The story of The Voice of the Turtle is perhaps more familiar (and less shocking) now than it might have been when the play premiered on Broadway in 1943. John Van Druten's show deals with the unabashedly sexual dalliance of a serviceman on leave in New York City with an actress he meets there.
In their new production of the show, the Mint Theater Company has done an excellent job of capturing the sense of the time. The show exudes a wonderful 40s flavor, from the colorful apartment set of Nathan Heverin and the costumes of Theresa Squire, to the performers themselves. Nick Toren as Bill (the Serviceman), Elizabeth Bunch as Sally (his love interest), and Megan Byrne as Olive (her friend) look as though they stepped right from the 40s to the present.
Van Druten did an excellent job of defining his characters' emotions, avoiding the turgid romantic tale it could have been all too easy to write.

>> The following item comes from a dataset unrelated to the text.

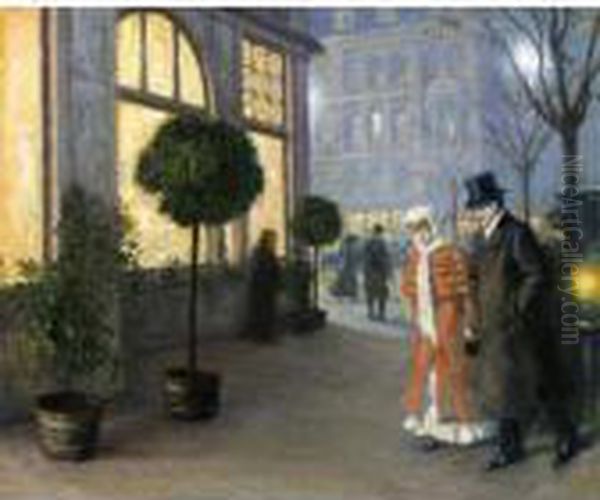 Efter Teatret (after The Theatre) Oil Painting by Paul-Gustave Fischer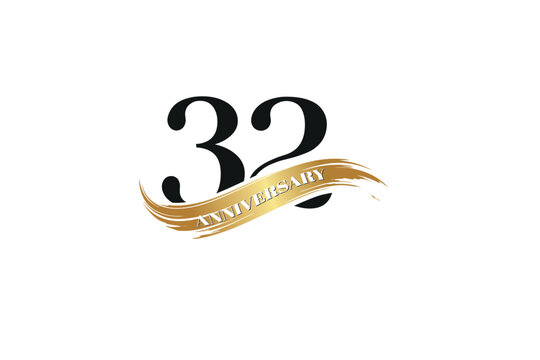 Luxury 32th Anniversary Celebration Logo with Golden Ribbon for Premium Event Branding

And, when viewed on its own, the play makes perfect sense from a 2001 perspective. Very little seems out of place; there are times The Voice of the Turtle feels as if it could have been written today.
That's the most curious thing about the show, its amazing sense of not being dated. Was The Voice of the Turtle progressive for its time, or have the last few decades of television so redefined what audiences are willing to accept, that the show has simply lost whatever bite it may have had in the social climate of the time? Most likely it's a little of both.
The only time the play really falters is in the third act, when it takes on some situations that resemble modern situation comedies a little too closely. This is also the only time that Carl Forsman's direction seems less than very strong; he doesn't do much to make some clunky moments, such as trying to sneak out Bill's cap so he can make a surprise entrance, believable.
Aside from that, Forsman keeps the pace quick and gets strong performances from his actors. Toren and Bunch have some real chemistry together and come across well throughout. Byrne usually seems a little more strained (which may be due to her significantly less stage time), but can frequently make a substantial impact, usually comedic, of her own when it's called for.
The Mint Theater Company has done quite well by a script that, despite its age, remains fresh, warm, and funny.